Im Mai 2014 hat das Oberlandesgericht Düsseldorf entschieden, dass der von Aldi verwendete Sternchenhinweis ausreiche, um den Verbraucher darüber aufzuklären, dass die beworbene Ware gegebenenfalls eben nicht mehr vorrätig sein wird. Rechtsanwältin Iwona Husemann von der Verbraucherzentrale NRW sagte dem Tagesspiegel: "Wir sehen dies anders und führen daher ein paralleles Verfahren vor dem Bundesgerichtshof bzw. dem Oberlandesgericht Stuttgart. Hier steht eine Entscheidung jedoch noch aus."

"Monsieur Cuisine" von Lidl für den doppelten Einkaufspreis auf Ebay verkauft

Auch Konkurrent Lidl bot mit dem "Monsieur Cuisine" ein ähnliches Produkt an, 900 Euro billiger als das Original von Vorwerk - auf lidl.de für ebenfalls 199 Euro lieferbar. Wie viele glückliche Käufer der Küchengeräte von Aldi-Süd und Lidl es mittlerweile gibt, ist derzeit nicht zu ermitteln. Einige nutzten das Gerät allerdings anscheinend gar nicht erst in der Küche, sondern boten es bei Ebay zum Verkauf an - für deutlich mehr als 199 Euro. Ein Anbieter preist seine bei Lidl gekaufte Maschine für 299 Euro mit den Worten an: "In den Filialen ausverkauft!!!" 
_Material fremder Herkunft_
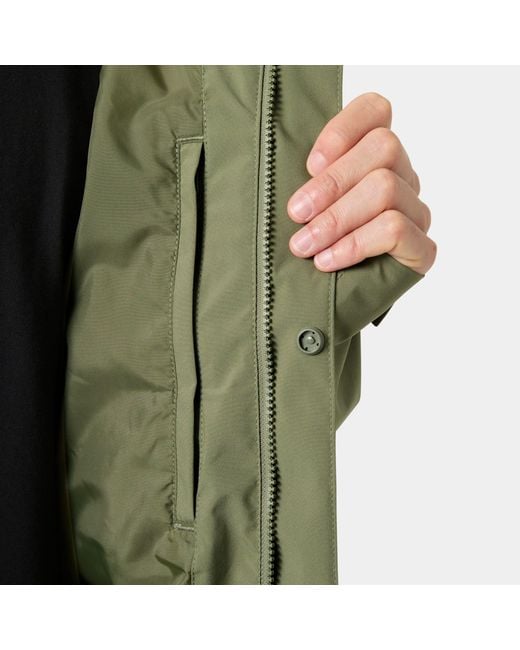 Brussel Raincoat Helly Hansen de hombre de color Green
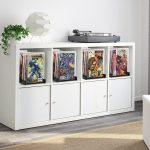Patented Comic Book Storage Holder – Wooden & Acrylic Display Box/Case for Collectors – Organizer for Comics, Magazines & Books – Holds 150 Issues, 14.5x8 in (Black) - Image 4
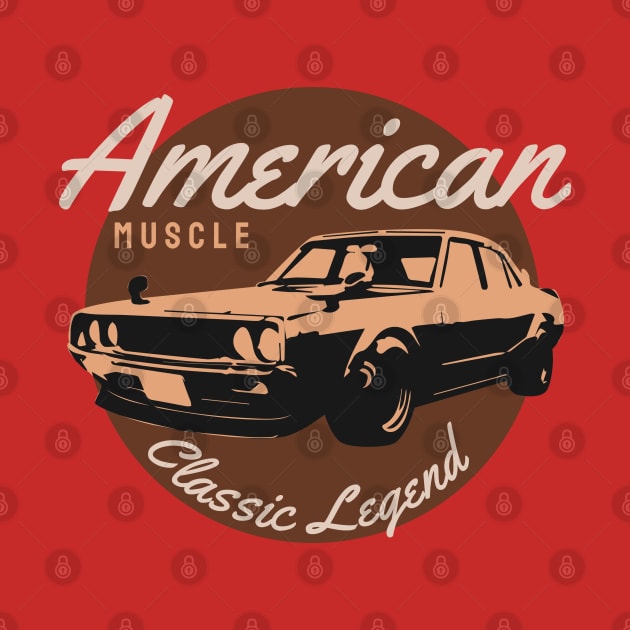 american  muscle by busines_night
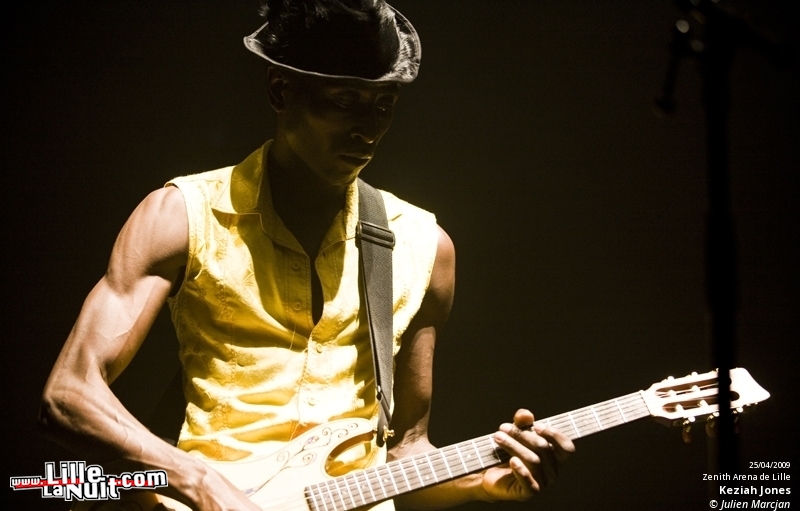 Keziah Jones, Bensé, Grace & Patrice au Zénith en live - photo n°7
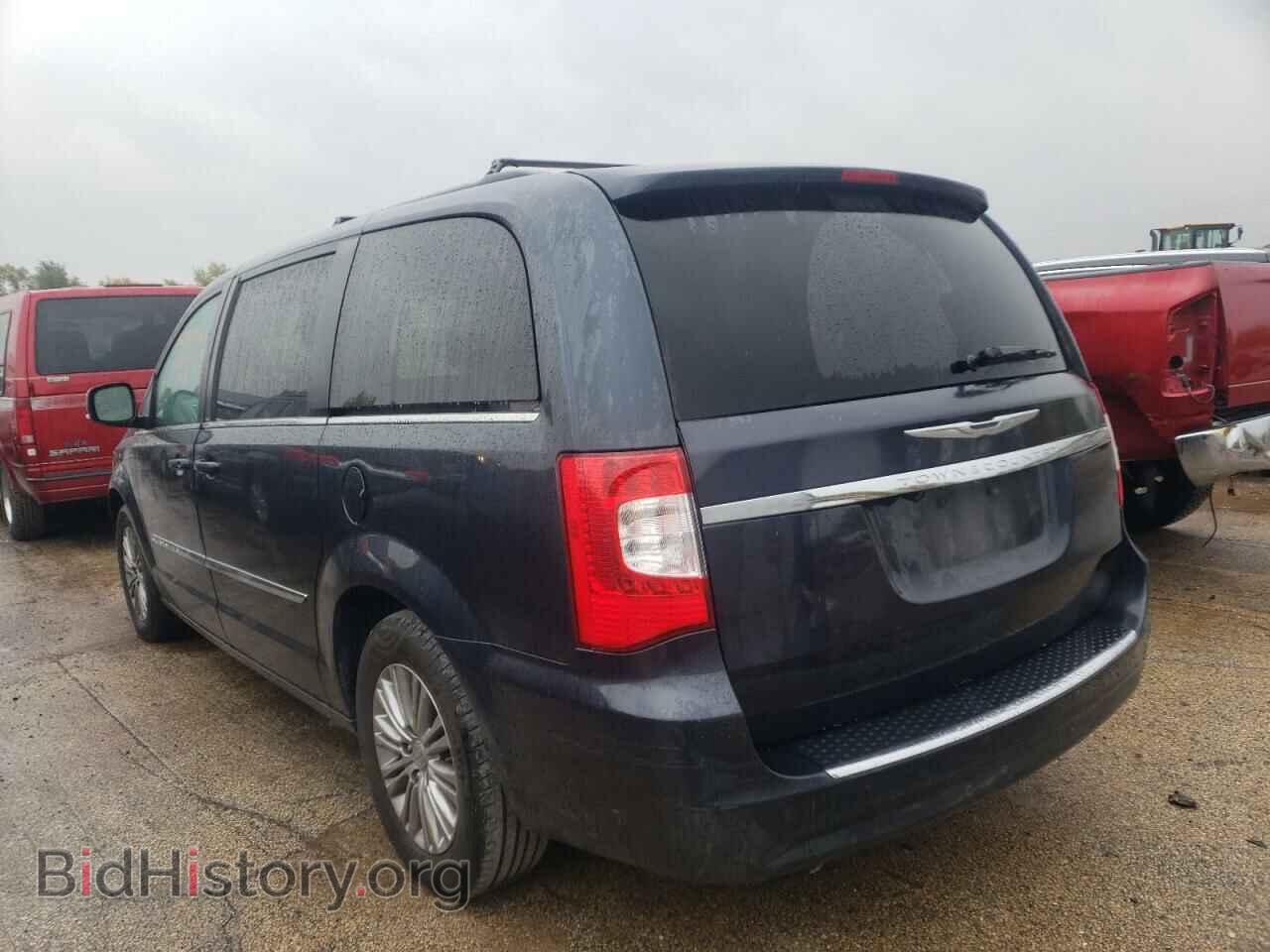 2014 CHRYSLER MINIVAN - VIN: 2C4RC1CG0ER200211 - Фото 3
Ein anderer Ebay-Nutzer hat hingegen keine finanziellen Interessen, sondern will auf die "Abzocke" mit den bei Lidl gekauften Produkten aufmerksam machen. Er verweist darauf, dass die Küchenmaschinen auf der Online-Seite von Lidl wieder für 199 Euro gekauft werden können und Interessenten daher nicht auf die überzogenen Angebote einiger Privat-Verkäufer auf Ebay zurückgreifen müssten.

Auch in Großbritannien gab es das Angebot. Die Zeitung "Daily Mail" verglich das Original und das Lidl-Imitat. Ergebnis: "Das günstige Gerät von Lidl hat insgesamt ähnliche Funktionen wie der originale Thermomix, kann also vieles, was das Vorwerk-Produkt auch kann - allerdings nicht im gleichen Maße und oftmals mit einer geringeren Qualität."

Online-Schwindel um das Original-Produkt von Vorwerk

Wer sich für das Original von Vorwerk entscheidet, muss mit einer Wartezeit von bis zu acht Wochen rechnen. Vorwerk begründet dies mit der großen Nachfrage, die über den eigenen Erwartungen liege. Online-Shops bieten das Original-"Küchenwunder" zu einem günstigeren Preis (699 Euro) und bei einer Lieferzeit von zwei Werktagen an - jedoch nur bei Bezahlung per Vorkasse. Die Verbraucherzentrale Nordrhein-Westfalen warnt vor Schwindel: Eigentlich gebe es den Thermomix TM5 nur im Direktbezug von Vorwerk.

Bei den "dubiosen" Online-Portalen gibt es weder eine Telefonnummer für Rückfragen noch werden E-Mails beantwortet, wie ein Check der Verbraucherzentrale ergeben hat. Bei misslungener Transaktion gebe es keine Möglichkeit, das Geld zurück zu bekommen. Hersteller Vorwerk dazu: "Der Direktbezug eines Thermomix von anderen gewerblichen Anbietern ist ausgeschlossen." Vorwerk erwägt, gegen die dubiosen Online-Händler rechtlich vorzugehen. Mittlerweile seien die meisten dieser Online-Shops aber schon wieder verschwunden, sagt die Verbraucherzentrale.